Chuck was only 23 when he wrote for The Sentinel, but he remembered Beth Navarro, an 11-year-old girl with cerebral palsy, learning to crawl by using a new procedure known as “patterning.”
He recalled sharing what he learned from that story with friends when they became parents. “I did it, I’m sure, with gravitas,” he added.
It took a minimum of four people – family, friends and volunteers – to coordinate the movement of Beth’s hands and legs with her brain. Repetition was the key. Chuck never forgot the spunky little girl and wondered what happened to her.
During the visit, her older brother, Pete, reminisced about Beth after she learned to crawl. “She wore a path in the carpet going back and forth between the living room and down the hall,” he chuckled.
After she mastered crawling, she leaned to walk.
Mrs. Navarro, Elisa (Licha), explained that once Beth was able to walk, she wanted to explore. They quickly had to build a six foot wall so she couldn’t wander away.
Beth frequently got up while we were talking and walked out the back door. She likes to look for lizards and hummingbirds in the yard… then she walked back into the house, visited the other rooms and returned to the conversation in the dining room. It’s a pattern she follows going back to adolescence.
Beth, who is now 64, learned how to bowl. She proudly shows her bowling trophies and medals. Life for her is about routines. She understands the importance of regularly brushing her teeth and loves to visit Starbucks with her younger sister, Margaret.
Pete takes her to the casinos. He asks Beth, “Did you win a million dollars?”

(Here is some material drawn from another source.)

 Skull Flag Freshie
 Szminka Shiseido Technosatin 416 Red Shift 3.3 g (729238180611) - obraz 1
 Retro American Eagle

She laughs and says, “Yes.”
Pete said that with all the noise and lights at the casinos, “Beth thinks she is always winning when she pushes the buttons.”
Even at age 90, Mrs. Navarro still keeps an immaculate home. Her husband, Pedro, Sr., was a retired Navy Chief. Everything had to be spotless. Little American flags are found throughout the house and in the yard.

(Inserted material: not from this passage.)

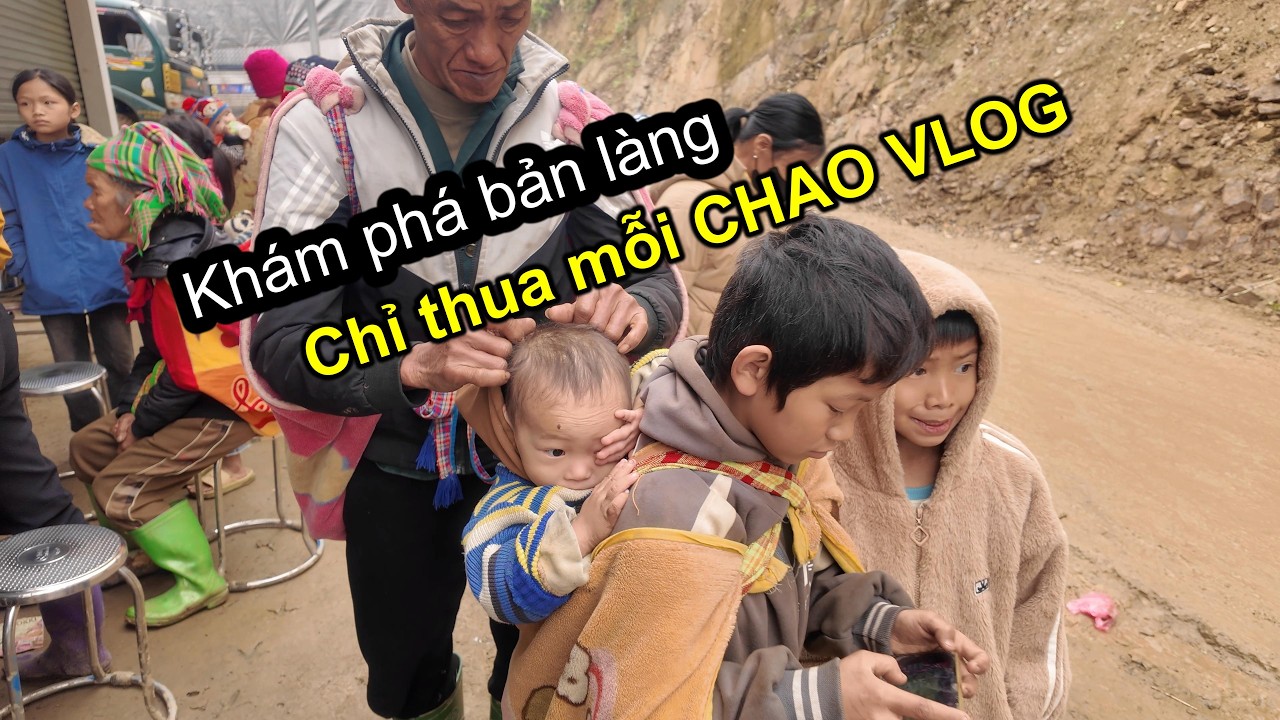 Ở đây không có khói bụi, chỉ có bản làng Tây Bắc và bình yên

The Navarro family is originally from New Mexico. Pedro, Sr. was a city boy in Las Cruces. Elisa grew up on a farm north of Las Cruces. As a girl, she picked tomatoes, cotton and famous Hatch chiles. She is grateful for her schooling and for the opportunities America gave her family. Most of her siblings were born in Mexico, but learned to read and write English in school. Assimilation and being American were important values in her family.
New Mexico struck a chord with Chuck. During the 1940s, his father worked on Ralph Edwards’ popular NBC Radio show, “Truth of Consequences.” In 1950, Edwards announced that if a city or town would rename itself as “Truth or Consequences,” he would conduct a broadcast from that venue.
Hot Springs, New Mexico, population 4,700, on the banks of the Rio Grande, an hour north of Las Cruces, won the contest. It’s a place where Apache warrior Geronimo soaked in its healing waters.
When Chuck was 7, he remembers driving from Los Angeles to New Mexico in the backseat of the family’s 1939 Nash. Appropriately, the program aired on April Fools’ Day, 1950. The reception was so warm that Edwards returned to “TorC” to do one show a year for the next fifty years. They still crown the Hatch Chile Queen in Truth or Consequences.
Ralph Edwards also produced the Emmy Award-winning TV program, “This is Your Life,” that ran from the 1950s into the 1980s.
Following the visit, Chuck reflected, “In a sense, having Mrs. Navarro reveal a scrapbook of newspaper clippings and photos of Beth… seeing Beth stand alongside her trophy case that displayed her trophies, showing me her bowling medal and talking with her mother and brother was very much like, “This is Your Life, Beth Navarro.”